LECCE - Contro la criminalità e contro le discriminazioni. Ma anche in favore di un utilizzo misurato dei social media e per un’etica della mediazione: senza scontri e polemiche vane. E con un impegno – nelle attività quotidiane, come nell’amministrazione della politica cittadina – rivolto al bene comune.
Il serpentone della processione, alla presenza delle autorità religiose e laiche, si ferma per ascoltare le riflessioni dell’arcivescovo di Lecce, monsignor Michele Seccia. Che parla intersecando la religione alla quotidianità. Specificando i modi in cui le azioni umane possano essere irradiate dalla luce della fede.

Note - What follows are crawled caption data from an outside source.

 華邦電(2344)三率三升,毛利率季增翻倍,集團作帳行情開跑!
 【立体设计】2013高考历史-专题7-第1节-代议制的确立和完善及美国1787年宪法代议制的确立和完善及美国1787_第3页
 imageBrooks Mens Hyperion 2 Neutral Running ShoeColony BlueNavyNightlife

«A volte – ha detto Seccia - noi ci illudiamo nel pensare che il Signore intervenga nel mondo attraverso la “bacchetta magica”. Non è questo ciò che ci insegnano i nostri Santi Oronzo, Giusto e Fortunato. Il Signore ordinariamente interviene in ogni avvenimento della storia, attraverso quegli uomini e quelle donne che, accogliendo la sua Parola e vivendo del suo Vangelo, diventano luce del mondo e sale della terra. È valso per loro tre; vale per ciascuno di noi». Come? Attraverso la luce della fede.

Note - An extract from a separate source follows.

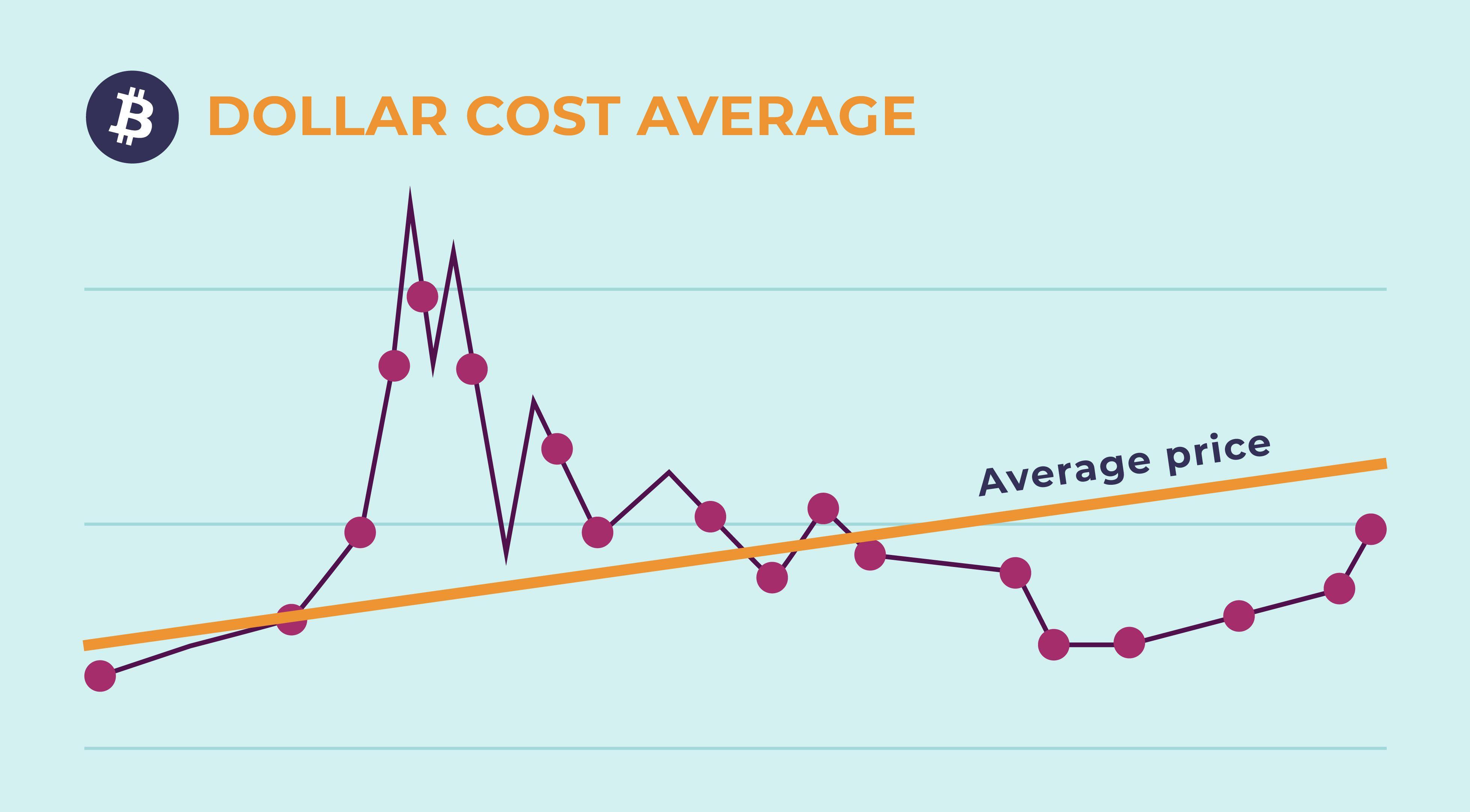 Utilize Dollar-Cost Averaging to Smooth Out Market Volatility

«Sotto questa luce della fede – ha continuato l’arcivescovo - è oggi possibile per me, Vescovo e Pastore di questa Chiesa locale che è in Lecce, ribadire con forza che: è vano affrontare le sfide comuni come se fossero un’impresa individuale; è inutile pensare di risolvere i problemi di una città ricorrendo sempre allo scontro e alla polemica verbale; è velleitario pensare di amministrare un territorio senza un progetto e un’idea condivisa di bene comune; è illusorio, infine, ritenere che i problemi quali la denatalità, l’educazione dei figli, il disagio giovanile, l’emergenza abitativa per le giovani coppie non siano una questione che ci riguarda e coinvolge tutti».

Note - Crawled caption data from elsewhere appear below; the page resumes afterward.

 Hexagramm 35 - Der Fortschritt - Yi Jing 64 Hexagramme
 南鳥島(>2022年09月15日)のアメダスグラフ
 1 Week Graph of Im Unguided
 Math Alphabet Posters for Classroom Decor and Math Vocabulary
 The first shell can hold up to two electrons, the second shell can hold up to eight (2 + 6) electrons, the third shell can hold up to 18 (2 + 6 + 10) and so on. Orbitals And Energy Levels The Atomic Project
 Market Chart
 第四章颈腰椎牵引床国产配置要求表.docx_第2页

Una luce che deve guidare l’uomo nelle attività terrene. Con attenzione nei riguardi dei bisognosi d’aiuto e dei malati. «La Comunità civile dovrà sempre meglio saper investire le proprie energie sulle strutture sanitarie, sulle disabilità, sul contrasto alle diverse forme di dipendenza e sul recupero e la riabilitazione di coloro che sono in carcere». E un pensiero va proprio al contrasto della criminalità: da attuare – a detta di monsignor Seccia - non solo con il pugno di ferro, ma anche con l’educazione. «Anche la lotta contro la criminalità non può risolversi esclusivamente nella repressione, ma deve contemplare anche strumenti efficaci di prevenzione, sia in ambito educativo, sia in campo sociale».
Un appello accorato l’arcivescovo lo dedica anche all’utilizzo accorto dei social media. «Vedo – ha affermato Seccia - sempre più che le giovani generazioni hanno come migliore e, a volte, persino unico amico, il cellulare. Esse vengono assorbite a tal punto dalla vita virtuale da perdere il contatto con la vita reale. Sembra che le persone valgano a partire solamente dai “like” che ricevono sui loro post oppure dai “followers” che li seguono nei vari canali social. Al fine poi di raggiungere i loro scopi e avere più seguaci in “rete”, esse spesso si spingono a pubblicare foto, immagini, video quanto meno di cattivo gusto, se non proprio volgari e violenti. Sembra che siamo divenuti schiavi di un “sistema virtuale” che noi stessi abbiamo costruito per essere meglio connessi. In verità, questo sistema presenta gravissime falle, perché, invece di renderci più connessi e umani, ci sta rendendo disconnessi e disumani».
Poi un passaggio sui disastri ambientali e le sfide del presente. «Quest’anno, poi, l’impegno per la cura del creatosi concretizza nella custodia dei nostri boschi e della nostra flora, virulentemente attaccata da criminali atti incendiari che hanno causato panico nella popolazione». E chiude volgendo lo sguardo ai Santi Patroni: «Essi ora continuano ad irrigare dal Cielo questo estremo lembo di terra e noi siamo chiamati a promettere il massimo impegno nella lotta contro ogni associazione criminale, contro ogni discriminazione e nella diffusione di quei valori che abbiamo ricevuto e appartengono alle nostre comuni radici».